> Requirement: Skip all pictures; return exactly the lines from the one containing "Astronauts Nichole Ayers" through the end of the data.
*** Data for review ***
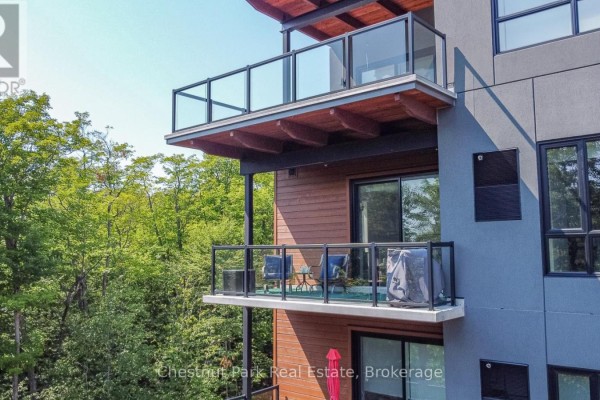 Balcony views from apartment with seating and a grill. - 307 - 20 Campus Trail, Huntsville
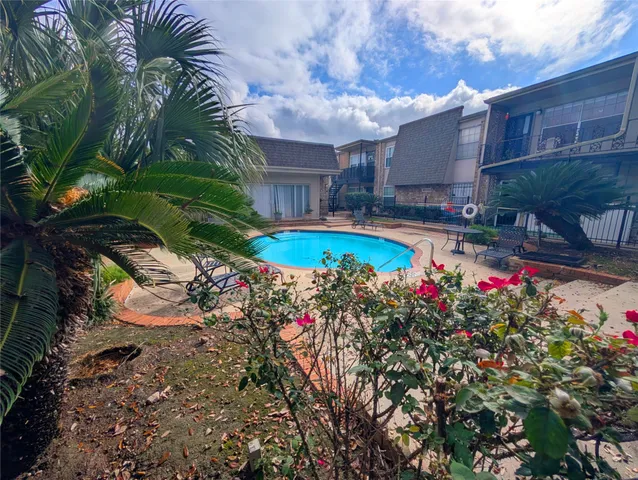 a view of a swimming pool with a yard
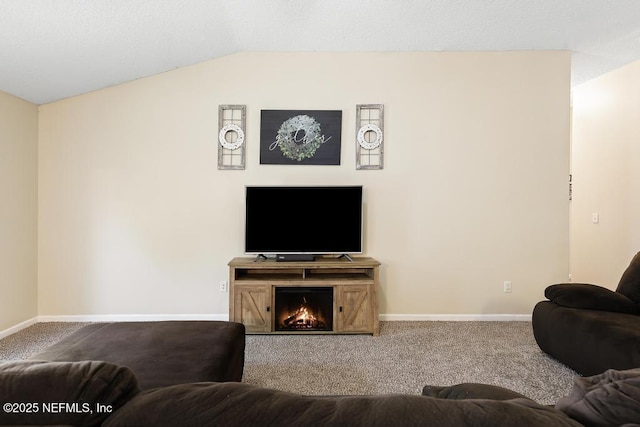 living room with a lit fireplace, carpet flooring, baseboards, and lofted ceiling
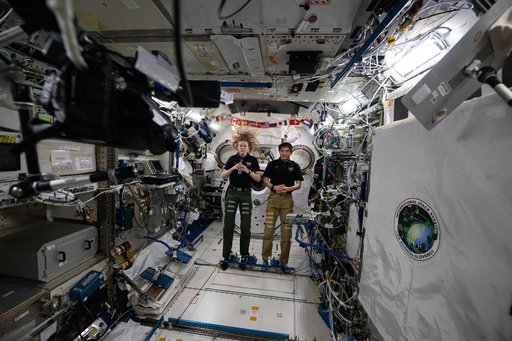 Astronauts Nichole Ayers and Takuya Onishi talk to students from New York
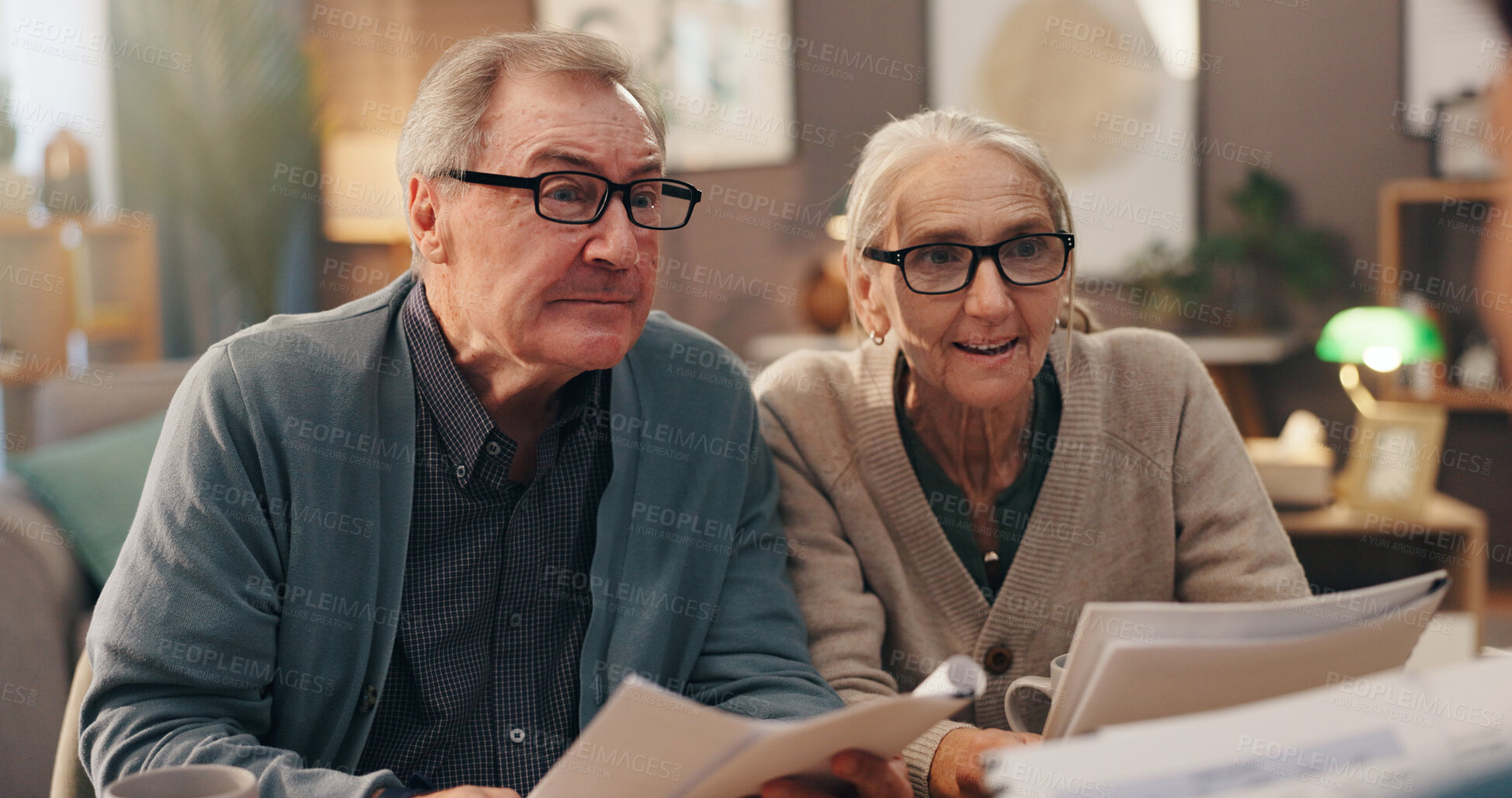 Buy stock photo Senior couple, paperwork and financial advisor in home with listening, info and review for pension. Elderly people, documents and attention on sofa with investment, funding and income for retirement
***
> Result of the task:
 Astronauts Nichole Ayers and Takuya Onishi talk to students from New York
 Buy stock photo Senior couple, paperwork and financial advisor in home with listening, info and review for pension. Elderly people, documents and attention on sofa with investment, funding and income for retirement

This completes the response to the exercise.